I know for my own work, which I think has commercial potential, I go back and forth as to whether or not the juice is worth the squeeze as far as commercialization is concerned.
Network on Chip
The capitalists lobby pretty badly to suppress incoming disruptive technologies that could take their market share. Energy, agriculture, medicine, etc.
Solar activated nanoparticles for heating water.
Solar cars for sure! The technology is pretty much there, but some special interest groups (OPEC, etc) are lobbying to keep it away from citizens, just so their financial exploitation can continue for some more time.
There are many, just ask any unhappy scientists.
Funding goes to popularity, not new research. This is even true at DARPA where they ignore new technology because it doesn't fit some preconceived notion or don't have a framework to evaluate it.
Case in point for XAI, explainable artificial intelligence. The algorithms we use today give us black box models we can't interpret directly. So instead of fixing the algorithms, they focus on modeling the models and "guessing" which ones come close enough via simpler more intuitive stacks of models. Guesses upon guesses.
There has been research in new algorithms that generate open models where the weights make sense and are editable. There is one company working on this, but it's not nearly enough.
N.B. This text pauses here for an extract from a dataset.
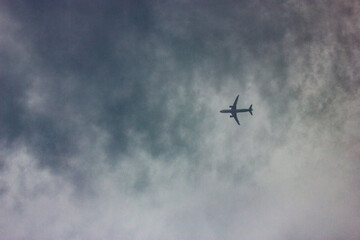 Airplane flying across a cloudy gray sky, symbolizing travel, freedom, and exploration. The contrast between the aircraft silhouette and the moody clouds creates a cinematic and atmospheric scene.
There's another set of research that has managed to convert black box models into open ones, giving full transparency.
Then there's asynchronous circuits research which do not require a clock. These can reduce power usage and boost efficiency on low power devices. Not much going on here.
There's one group building a RISC5 architecture with these, based on 30+ year old research with the inventor who still has not seen his life's work commercialized.
Then there's various types of imaging and tracking with signals we use every day, such as BT, Wi-Fi and Cellular among others, and being able to locate devices or people. You can find several universities doing this, none have made it commercially.